If you just want to cut to the chase, here are some quick recommendations for the best SD cards to use in GoPro HERO4 Black and HERO4 Silver. These are fast and reliable, cost-effective, and readily available. Any of these make a good choice.

SanDisk Extreme microSD Card
  • Up to 160MB/s read speeds to save time transferring high res images and 4K UHD videos (2); Requires...
  • Up to 90MB/s write speeds for fast shooting; Requires compatible devices capable of reaching such speeds
Samsung EVO Select microSD Card
  • All The Space You Need: Store tons of media on your phone, load games or download more apps on your...
  • Fast and Smooth: With superfast U3, class 10 rated transfer speeds of up to 130MB/s¹,²and UHS-I...
Lexar 1066x Silver microSD Card
  • Professional-level performance for action cameras, drones, or Android smartphones
  • Leverages UHS-I technology to deliver read speeds up to 160MB/s (1066x)

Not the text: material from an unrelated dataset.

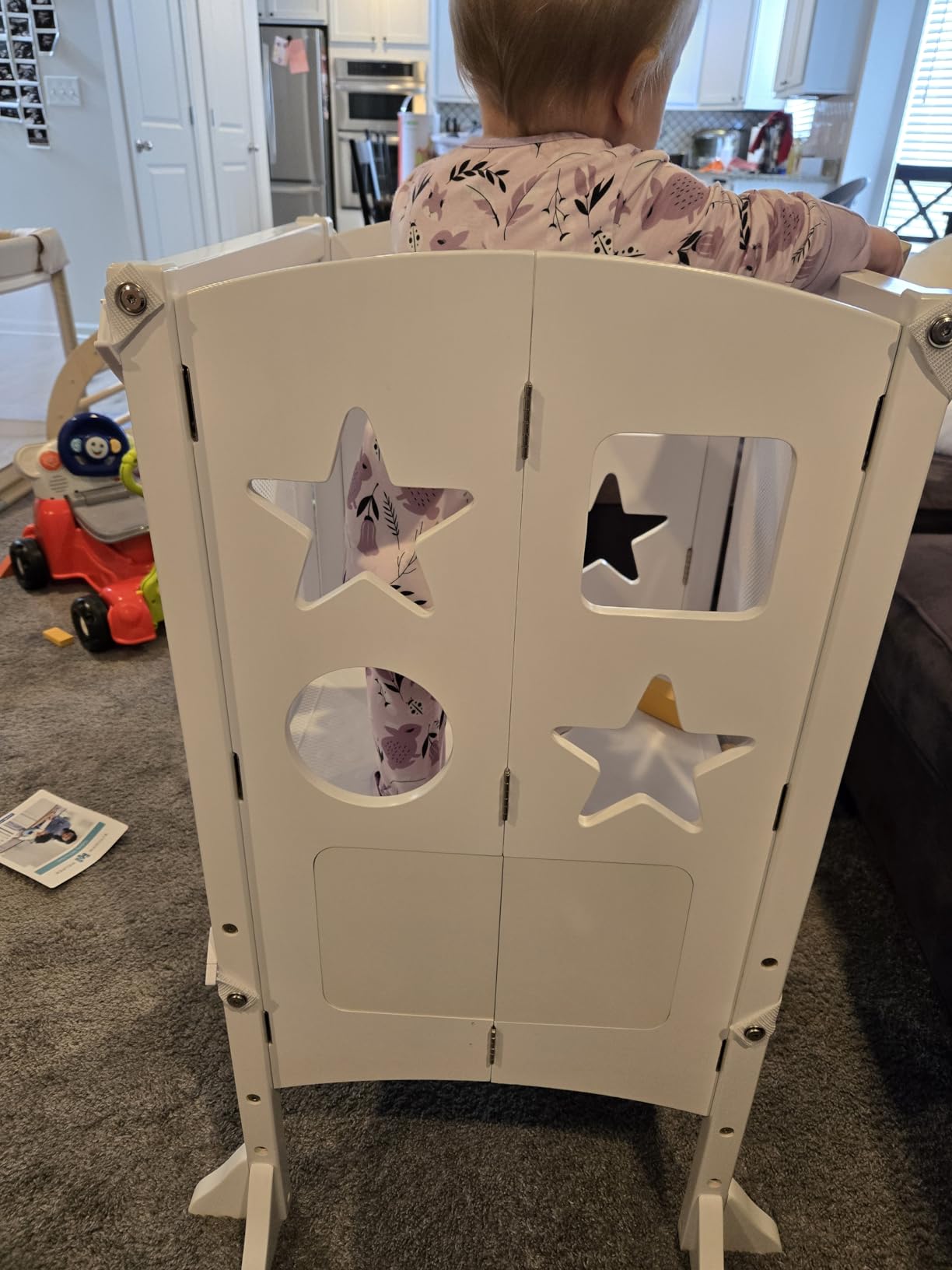 Guidecraft Classic Kitchen Helper Toddler Tower - Gray: Folding, Adjustable Height, Learning Step Stool for Kids, W/Chalkboard | Montessori Collapsible Safety Non-Slip Platform - Customer Photo 1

If you’d like more detailed recommendations or other brands and models, you can find them below.

GoPro HERO4 SD Card Requirements

If you’ve just picked up a GoPro HERO4 Silver or Black, you’re going to find out pretty quickly that GoPros don’t come with a memory card as standard. Some retailers put together bundles that include a memory card with the camera, but unless you buy one of those you’ll most likely have to pick up an SD card separately.

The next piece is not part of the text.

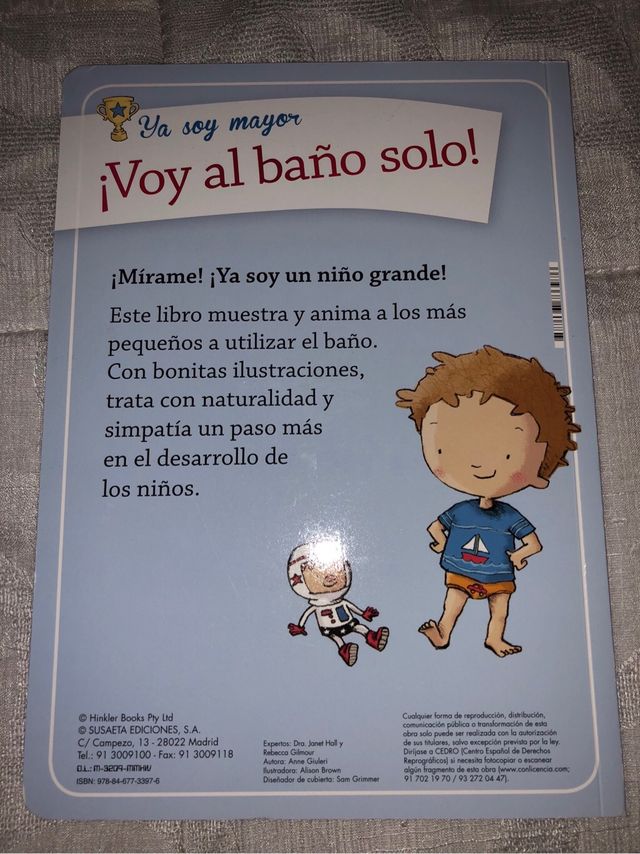 Libro infantil ya soy mayor, voy al baño solo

Sounds simple enough, right? But there’s a catch. Not every card will work well in the GoPro HERO4 Black and Silver editions.

When these cameras were originally released, there were relatively few memory cards that worked well. Since then, memory card manufacturers have been coming out with newer and faster cards. So it’s now quite easy to find a good SD card for them, and you don’t have to pay an arm and a leg for it. That still doesn’t mean you can just throw any old microSD card in the HERO4 Silver or Black, though.

The biggest issue is the speed of the card. And, more specifically, the write speed of the card. That’s how quickly the card can record the stream of data that’s being thrown at it as the camera films video. The GoPro HERO4 Black and Silver editions can both shoot 4K and high-framerate video. Those video modes use high bitrates of up to 60 megabits per second (In the Silver, it’s a maximum of 45 megabits per second). So to be able to use the full range of video modes on these cameras you’ll need a card that can keep up.

If you use a card that’s too slow, the most common thing you’ll run into is the video recording stopping unexpectedly. That’s usually because the card simply can’t handle the data that’s being thrown at it. If that happens, you can get some unexpected and unwanted behavior, such as the recording stopping unexpectedly, the camera overheating, or the camera shutting down.

So I’ve put together some practical recommendations on which SD cards work best in the HERO4 Black and Silver. I’m focusing here on cards that are fast enough for these cameras, readily available at major retailers, reliable, and cost-effective. I make a point to speed test as many models of microSD cards as I can get hold of, including all of the ones here. So I’ve had the chance to try these out myself in addition to consulting GoPro’s official recommendations.

I also have a more general guide to the best SD card for GoPro cameras.

Best SD Card for GoPro HERO4 Black & Silver – Detailed Recommendations

SanDisk Extreme V30 UHS-I

SanDisk 256GB Extreme microSDXC UHS-I...
  • Up to 160MB/s read speeds to save time transferring high res images and 4K UHD videos; Requires...
  • Up to 90MB/s write speeds for fast shooting; Requires compatible devices capable of reaching such speeds

The SanDisk Extreme cards are fast, cost-effective, reliable, and widely available. They're also safe bets for a wide range of action cameras, including GoPros. Extreme cards are the ones that GoPro themselves often bundle with their cameras and sell on, and it's one of the few they officially recommend in their "Works with GoPro" certification program.

From my own speed tests, it is plenty fast enough for GoPro Black edition cameras.

The latest version of the SanDisk Extreme comes in 32GB, 64GB, 128GB, 256GB, 400GB, 512GB, and even new 1TB versions.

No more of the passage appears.